Alexandra Meliou
Professor
Associate Chair for
Faculty Development
Robert and Donna Manning
College of Information
and Computer Sciences
140 Governors Drive
University of Massachusetts
Amherst, MA 01003-9264 USA
Email: | |
Office: | 330 |
Phone: | +1-413-545-3788 |
Fax: | +1-413-545-1249 |
Research
DREAM lab: Data-systems Research for Exploration, Analytics, and Mining
I co-direct the DREAM lab, with an awesome group of people! UMass is a vibrant place, and one of the top universities in the US for data management research!
My interests
Data is critical in almost every aspect of society, including education, technology, healthcare, economy, and science. Poor understanding and handling of data, data biases, poor data quality, and errors in data-driven processes are detrimental in all domains that rely on data. My research augments data management with user-facing functionality that helps people make sense of their data and use it effectively, at a time when data becomes increasingly unpredictable, unwieldy, and unmanageable. I focus on issues of provenance, causality, explanations, data quality, usability, and data and algorithmic bias.
Usability and analysis
As data is now a staple in so many aspects of human activity, the audience for data technologies has expanded to include a varied range of users: from non-experts wishing to peruse datasets, to domain experts with specialized data processing needs. Data systems have not adapted to address these demands effectively: databases' specialized query languages and structure create barriers for non-experts, while the lack of native support for important computing needs leaves experts to develop application-specific solutions themselves. Our work removes data-use barriers by simplifying access for non-experts to data and by augmenting database functionality with advanced problem-solving capabilities, thus simplifying analytics workflows by moving them closer to the data.
![]() |
PackageBuilder: supporting queries for packages [Project page]
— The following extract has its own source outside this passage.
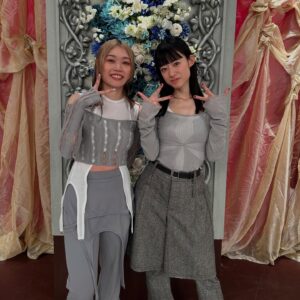Moeka Shiotsuka Instagram - FNS歌謡祭🎤ｱﾘｶﾞﾄ~𖤐⡱

hm @kikamkn 
st @remi_kawasaki_ 
スーパードラム @chai.yuna 

安心の皆さんと(՞- -՞)ᐝ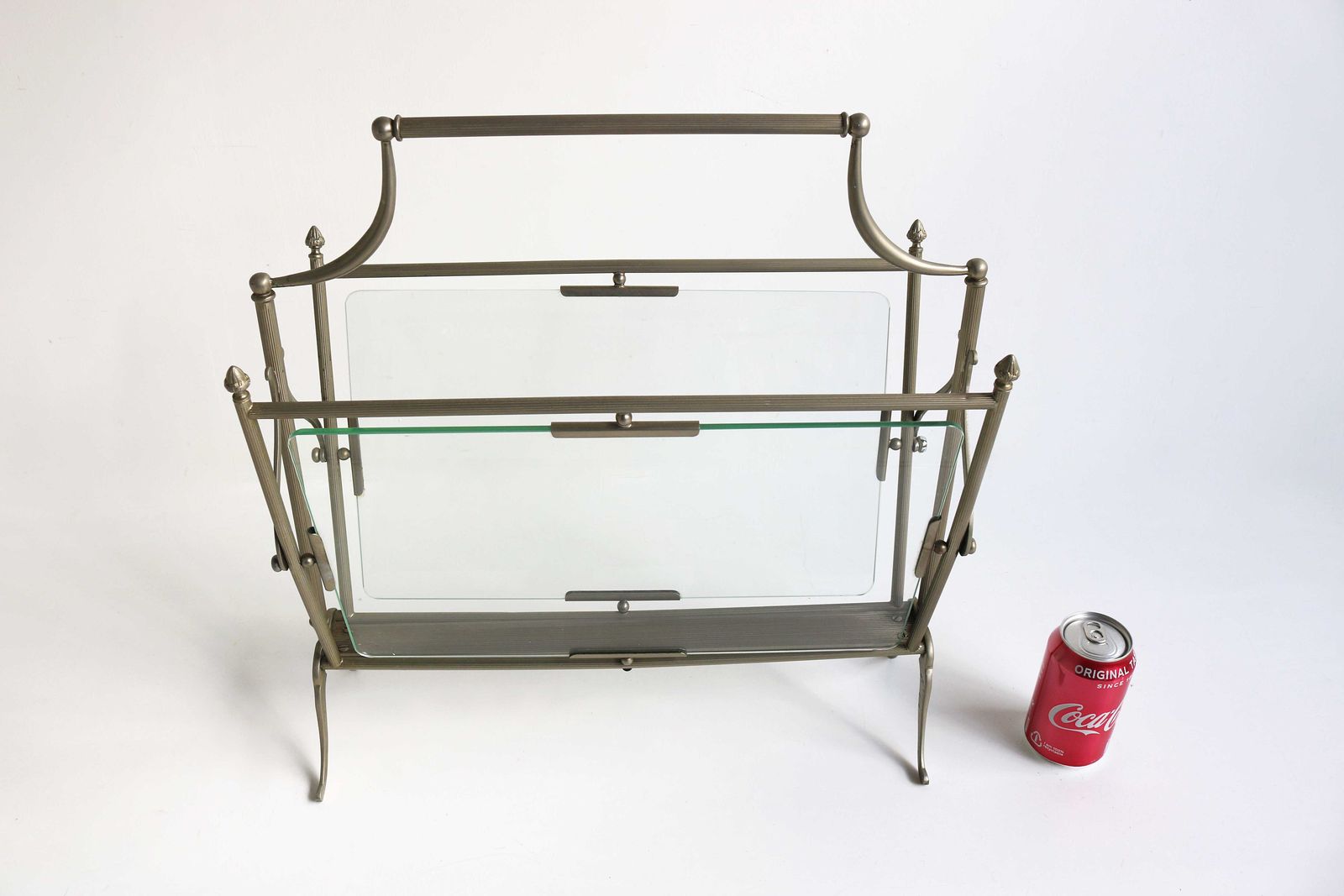 photo furniture A French Maison Jansen Style Silver Brass And Clear Glass Magazine Rack Paris Magazine Stand Chique Style Magazine Holder 1960s Design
Traditional database queries follow a simple model: they define constraints that each tuple in the result must satisfy. This model is computationally efficient, as the database system can evaluate the query conditions on each tuple individually. However, many practical, real-world problems require a collection of result tuples—which we call a package—to satisfy constraints collectively, rather than individually. We developed an end-to-end system that supports package queries, allowing the declarative specification and efficient evaluation of a significant class of constrained optimization problems within a database. Publications: [PVLDB 2016] [SIGMOD Record 2017] [VLDBJ 2017] [CACM 2018] [SIGMOD 2020] [PVLDB 2024] ![]() |
![]() |
SQuID: Semantic-similarity-aware Query Intent Discovery [Project page]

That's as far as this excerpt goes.